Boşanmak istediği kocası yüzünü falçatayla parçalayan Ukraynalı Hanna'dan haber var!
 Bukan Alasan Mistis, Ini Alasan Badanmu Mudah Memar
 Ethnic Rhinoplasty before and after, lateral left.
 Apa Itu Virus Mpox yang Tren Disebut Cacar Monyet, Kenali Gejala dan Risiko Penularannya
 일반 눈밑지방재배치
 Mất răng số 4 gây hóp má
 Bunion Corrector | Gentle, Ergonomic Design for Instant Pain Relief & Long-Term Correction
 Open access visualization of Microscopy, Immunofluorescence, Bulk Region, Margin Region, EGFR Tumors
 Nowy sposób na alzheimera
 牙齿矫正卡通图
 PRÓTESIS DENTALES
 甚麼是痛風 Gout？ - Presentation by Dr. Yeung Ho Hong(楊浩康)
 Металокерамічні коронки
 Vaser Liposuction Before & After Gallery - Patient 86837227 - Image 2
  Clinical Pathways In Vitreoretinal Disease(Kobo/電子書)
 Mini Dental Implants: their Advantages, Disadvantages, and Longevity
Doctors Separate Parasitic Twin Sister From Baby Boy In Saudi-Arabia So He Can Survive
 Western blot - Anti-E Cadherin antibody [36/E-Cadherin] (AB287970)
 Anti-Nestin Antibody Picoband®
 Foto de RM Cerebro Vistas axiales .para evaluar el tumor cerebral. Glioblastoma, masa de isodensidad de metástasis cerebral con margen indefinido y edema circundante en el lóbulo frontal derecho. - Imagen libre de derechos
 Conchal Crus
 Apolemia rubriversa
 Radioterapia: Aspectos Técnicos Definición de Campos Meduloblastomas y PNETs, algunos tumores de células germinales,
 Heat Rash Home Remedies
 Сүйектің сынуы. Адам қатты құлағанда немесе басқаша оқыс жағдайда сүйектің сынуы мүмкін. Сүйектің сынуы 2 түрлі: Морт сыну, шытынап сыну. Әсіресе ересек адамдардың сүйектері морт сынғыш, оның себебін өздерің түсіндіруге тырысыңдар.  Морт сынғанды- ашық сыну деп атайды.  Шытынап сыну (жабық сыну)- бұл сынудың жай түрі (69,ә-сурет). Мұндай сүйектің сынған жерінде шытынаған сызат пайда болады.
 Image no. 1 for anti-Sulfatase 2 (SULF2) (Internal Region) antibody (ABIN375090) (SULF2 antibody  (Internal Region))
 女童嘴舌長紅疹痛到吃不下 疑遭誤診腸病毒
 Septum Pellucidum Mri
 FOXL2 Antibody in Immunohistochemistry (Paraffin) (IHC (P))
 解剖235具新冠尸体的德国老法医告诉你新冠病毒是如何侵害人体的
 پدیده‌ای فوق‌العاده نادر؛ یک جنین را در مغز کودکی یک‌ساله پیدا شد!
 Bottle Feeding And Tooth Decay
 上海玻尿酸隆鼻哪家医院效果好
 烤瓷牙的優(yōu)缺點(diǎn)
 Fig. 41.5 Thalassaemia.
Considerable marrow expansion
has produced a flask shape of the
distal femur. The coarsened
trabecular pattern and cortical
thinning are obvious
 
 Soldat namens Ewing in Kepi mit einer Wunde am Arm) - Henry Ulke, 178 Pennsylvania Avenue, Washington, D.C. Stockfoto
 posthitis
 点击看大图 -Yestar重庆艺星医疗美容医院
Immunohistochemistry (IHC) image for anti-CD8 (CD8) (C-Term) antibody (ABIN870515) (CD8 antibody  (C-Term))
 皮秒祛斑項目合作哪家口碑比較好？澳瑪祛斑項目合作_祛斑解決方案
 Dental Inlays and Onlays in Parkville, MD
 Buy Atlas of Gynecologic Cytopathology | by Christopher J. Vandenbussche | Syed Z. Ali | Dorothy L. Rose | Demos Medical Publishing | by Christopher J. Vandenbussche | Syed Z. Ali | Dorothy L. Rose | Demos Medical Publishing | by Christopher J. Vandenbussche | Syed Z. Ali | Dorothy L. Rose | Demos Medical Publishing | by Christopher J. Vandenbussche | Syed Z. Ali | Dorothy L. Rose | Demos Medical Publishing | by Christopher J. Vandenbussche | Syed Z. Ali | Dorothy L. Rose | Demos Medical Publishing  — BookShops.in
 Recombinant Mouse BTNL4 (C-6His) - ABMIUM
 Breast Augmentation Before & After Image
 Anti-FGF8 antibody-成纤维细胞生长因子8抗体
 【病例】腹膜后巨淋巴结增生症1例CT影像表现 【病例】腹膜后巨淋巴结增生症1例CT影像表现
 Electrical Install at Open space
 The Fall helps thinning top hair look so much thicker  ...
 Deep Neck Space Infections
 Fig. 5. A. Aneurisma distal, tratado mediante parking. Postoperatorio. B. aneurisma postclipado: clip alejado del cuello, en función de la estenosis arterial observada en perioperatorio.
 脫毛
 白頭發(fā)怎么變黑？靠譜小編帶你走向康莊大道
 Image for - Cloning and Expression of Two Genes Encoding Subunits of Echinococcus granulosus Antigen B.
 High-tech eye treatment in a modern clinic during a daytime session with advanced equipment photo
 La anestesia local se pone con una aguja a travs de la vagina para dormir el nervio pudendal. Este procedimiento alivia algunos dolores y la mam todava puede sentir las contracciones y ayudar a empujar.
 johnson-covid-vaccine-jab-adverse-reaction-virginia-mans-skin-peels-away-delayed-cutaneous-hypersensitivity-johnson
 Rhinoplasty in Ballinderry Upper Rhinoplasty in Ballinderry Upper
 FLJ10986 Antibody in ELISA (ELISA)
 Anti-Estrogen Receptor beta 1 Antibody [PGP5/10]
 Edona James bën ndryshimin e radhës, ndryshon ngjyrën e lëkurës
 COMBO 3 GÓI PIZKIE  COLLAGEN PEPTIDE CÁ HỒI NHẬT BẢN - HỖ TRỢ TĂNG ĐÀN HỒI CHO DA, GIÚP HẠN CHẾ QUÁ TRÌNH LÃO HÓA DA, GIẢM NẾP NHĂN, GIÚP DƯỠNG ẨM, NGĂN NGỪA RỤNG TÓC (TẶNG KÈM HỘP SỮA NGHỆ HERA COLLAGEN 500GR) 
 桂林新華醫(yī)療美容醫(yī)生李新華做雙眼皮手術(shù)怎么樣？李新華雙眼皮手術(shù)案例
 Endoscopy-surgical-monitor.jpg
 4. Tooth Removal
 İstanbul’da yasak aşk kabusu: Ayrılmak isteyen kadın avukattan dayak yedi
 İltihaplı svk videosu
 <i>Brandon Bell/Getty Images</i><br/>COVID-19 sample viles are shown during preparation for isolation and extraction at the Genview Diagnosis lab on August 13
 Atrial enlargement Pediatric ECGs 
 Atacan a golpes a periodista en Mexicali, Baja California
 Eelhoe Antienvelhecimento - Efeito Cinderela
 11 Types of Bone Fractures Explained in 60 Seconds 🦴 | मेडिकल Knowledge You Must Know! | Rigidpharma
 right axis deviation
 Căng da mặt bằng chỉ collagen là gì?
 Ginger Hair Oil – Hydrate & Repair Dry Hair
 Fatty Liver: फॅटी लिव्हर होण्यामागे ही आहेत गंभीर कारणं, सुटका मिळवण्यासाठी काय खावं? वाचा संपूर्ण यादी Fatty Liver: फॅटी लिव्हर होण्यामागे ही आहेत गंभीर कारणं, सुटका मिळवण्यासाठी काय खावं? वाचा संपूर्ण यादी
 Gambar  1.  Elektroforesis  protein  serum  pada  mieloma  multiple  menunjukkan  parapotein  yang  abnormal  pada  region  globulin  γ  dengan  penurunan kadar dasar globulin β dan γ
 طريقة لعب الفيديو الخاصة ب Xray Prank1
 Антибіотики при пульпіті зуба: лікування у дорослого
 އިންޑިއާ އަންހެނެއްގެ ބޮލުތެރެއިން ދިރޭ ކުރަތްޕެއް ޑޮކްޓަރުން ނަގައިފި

* [Task objective]:
Quote the material exactly, leaving nothing out.

* [Solved problem]:
Boşanmak istediği kocası yüzünü falçatayla parçalayan Ukraynalı Hanna'dan haber var!
 Bukan Alasan Mistis, Ini Alasan Badanmu Mudah Memar
 Ethnic Rhinoplasty before and after, lateral left.
 Apa Itu Virus Mpox yang Tren Disebut Cacar Monyet, Kenali Gejala dan Risiko Penularannya
 일반 눈밑지방재배치
 Mất răng số 4 gây hóp má
 Bunion Corrector | Gentle, Ergonomic Design for Instant Pain Relief & Long-Term Correction
 Open access visualization of Microscopy, Immunofluorescence, Bulk Region, Margin Region, EGFR Tumors
 Nowy sposób na alzheimera
 牙齿矫正卡通图
 PRÓTESIS DENTALES
 甚麼是痛風 Gout？ - Presentation by Dr. Yeung Ho Hong(楊浩康)
 Металокерамічні коронки
 Vaser Liposuction Before & After Gallery - Patient 86837227 - Image 2
  Clinical Pathways In Vitreoretinal Disease(Kobo/電子書)
 Mini Dental Implants: their Advantages, Disadvantages, and Longevity
Doctors Separate Parasitic Twin Sister From Baby Boy In Saudi-Arabia So He Can Survive
 Western blot - Anti-E Cadherin antibody [36/E-Cadherin] (AB287970)
 Anti-Nestin Antibody Picoband®
 Foto de RM Cerebro Vistas axiales .para evaluar el tumor cerebral. Glioblastoma, masa de isodensidad de metástasis cerebral con margen indefinido y edema circundante en el lóbulo frontal derecho. - Imagen libre de derechos
 Conchal Crus
 Apolemia rubriversa
 Radioterapia: Aspectos Técnicos Definición de Campos Meduloblastomas y PNETs, algunos tumores de células germinales,
 Heat Rash Home Remedies
 Сүйектің сынуы. Адам қатты құлағанда немесе басқаша оқыс жағдайда сүйектің сынуы мүмкін. Сүйектің сынуы 2 түрлі: Морт сыну, шытынап сыну. Әсіресе ересек адамдардың сүйектері морт сынғыш, оның себебін өздерің түсіндіруге тырысыңдар.  Морт сынғанды- ашық сыну деп атайды.  Шытынап сыну (жабық сыну)- бұл сынудың жай түрі (69,ә-сурет). Мұндай сүйектің сынған жерінде шытынаған сызат пайда болады.
 Image no. 1 for anti-Sulfatase 2 (SULF2) (Internal Region) antibody (ABIN375090) (SULF2 antibody  (Internal Region))
 女童嘴舌長紅疹痛到吃不下 疑遭誤診腸病毒
 Septum Pellucidum Mri
 FOXL2 Antibody in Immunohistochemistry (Paraffin) (IHC (P))
 解剖235具新冠尸体的德国老法医告诉你新冠病毒是如何侵害人体的
 پدیده‌ای فوق‌العاده نادر؛ یک جنین را در مغز کودکی یک‌ساله پیدا شد!
 Bottle Feeding And Tooth Decay
 上海玻尿酸隆鼻哪家医院效果好
 烤瓷牙的優(yōu)缺點(diǎn)
 Fig. 41.5 Thalassaemia.
Considerable marrow expansion
has produced a flask shape of the
distal femur. The coarsened
trabecular pattern and cortical
thinning are obvious
 
 Soldat namens Ewing in Kepi mit einer Wunde am Arm) - Henry Ulke, 178 Pennsylvania Avenue, Washington, D.C. Stockfoto
 posthitis
 点击看大图 -Yestar重庆艺星医疗美容医院
Immunohistochemistry (IHC) image for anti-CD8 (CD8) (C-Term) antibody (ABIN870515) (CD8 antibody  (C-Term))
 皮秒祛斑項目合作哪家口碑比較好？澳瑪祛斑項目合作_祛斑解決方案
 Dental Inlays and Onlays in Parkville, MD
 Buy Atlas of Gynecologic Cytopathology | by Christopher J. Vandenbussche | Syed Z. Ali | Dorothy L. Rose | Demos Medical Publishing | by Christopher J. Vandenbussche | Syed Z. Ali | Dorothy L. Rose | Demos Medical Publishing | by Christopher J. Vandenbussche | Syed Z. Ali | Dorothy L. Rose | Demos Medical Publishing | by Christopher J. Vandenbussche | Syed Z. Ali | Dorothy L. Rose | Demos Medical Publishing | by Christopher J. Vandenbussche | Syed Z. Ali | Dorothy L. Rose | Demos Medical Publishing  — BookShops.in
 Recombinant Mouse BTNL4 (C-6His) - ABMIUM
 Breast Augmentation Before & After Image
 Anti-FGF8 antibody-成纤维细胞生长因子8抗体
 【病例】腹膜后巨淋巴结增生症1例CT影像表现 【病例】腹膜后巨淋巴结增生症1例CT影像表现
 Electrical Install at Open space
 The Fall helps thinning top hair look so much thicker  ...
 Deep Neck Space Infections
 Fig. 5. A. Aneurisma distal, tratado mediante parking. Postoperatorio. B. aneurisma postclipado: clip alejado del cuello, en función de la estenosis arterial observada en perioperatorio.
 脫毛
 白頭發(fā)怎么變黑？靠譜小編帶你走向康莊大道
 Image for - Cloning and Expression of Two Genes Encoding Subunits of Echinococcus granulosus Antigen B.
 High-tech eye treatment in a modern clinic during a daytime session with advanced equipment photo
 La anestesia local se pone con una aguja a travs de la vagina para dormir el nervio pudendal. Este procedimiento alivia algunos dolores y la mam todava puede sentir las contracciones y ayudar a empujar.
 johnson-covid-vaccine-jab-adverse-reaction-virginia-mans-skin-peels-away-delayed-cutaneous-hypersensitivity-johnson
 Rhinoplasty in Ballinderry Upper Rhinoplasty in Ballinderry Upper
 FLJ10986 Antibody in ELISA (ELISA)
 Anti-Estrogen Receptor beta 1 Antibody [PGP5/10]
 Edona James bën ndryshimin e radhës, ndryshon ngjyrën e lëkurës
 COMBO 3 GÓI PIZKIE  COLLAGEN PEPTIDE CÁ HỒI NHẬT BẢN - HỖ TRỢ TĂNG ĐÀN HỒI CHO DA, GIÚP HẠN CHẾ QUÁ TRÌNH LÃO HÓA DA, GIẢM NẾP NHĂN, GIÚP DƯỠNG ẨM, NGĂN NGỪA RỤNG TÓC (TẶNG KÈM HỘP SỮA NGHỆ HERA COLLAGEN 500GR) 
 桂林新華醫(yī)療美容醫(yī)生李新華做雙眼皮手術(shù)怎么樣？李新華雙眼皮手術(shù)案例
 Endoscopy-surgical-monitor.jpg
 4. Tooth Removal
 İstanbul’da yasak aşk kabusu: Ayrılmak isteyen kadın avukattan dayak yedi
 İltihaplı svk videosu
 <i>Brandon Bell/Getty Images</i><br/>COVID-19 sample viles are shown during preparation for isolation and extraction at the Genview Diagnosis lab on August 13
 Atrial enlargement Pediatric ECGs 
 Atacan a golpes a periodista en Mexicali, Baja California
 Eelhoe Antienvelhecimento - Efeito Cinderela
 11 Types of Bone Fractures Explained in 60 Seconds 🦴 | मेडिकल Knowledge You Must Know! | Rigidpharma
 right axis deviation
 Căng da mặt bằng chỉ collagen là gì?
 Ginger Hair Oil – Hydrate & Repair Dry Hair
 Fatty Liver: फॅटी लिव्हर होण्यामागे ही आहेत गंभीर कारणं, सुटका मिळवण्यासाठी काय खावं? वाचा संपूर्ण यादी Fatty Liver: फॅटी लिव्हर होण्यामागे ही आहेत गंभीर कारणं, सुटका मिळवण्यासाठी काय खावं? वाचा संपूर्ण यादी
 Gambar  1.  Elektroforesis  protein  serum  pada  mieloma  multiple  menunjukkan  parapotein  yang  abnormal  pada  region  globulin  γ  dengan  penurunan kadar dasar globulin β dan γ
 طريقة لعب الفيديو الخاصة ب Xray Prank1
 Антибіотики при пульпіті зуба: лікування у дорослого
 އިންޑިއާ އަންހެނެއްގެ ބޮލުތެރެއިން ދިރޭ ކުރަތްޕެއް ޑޮކްޓަރުން ނަގައިފި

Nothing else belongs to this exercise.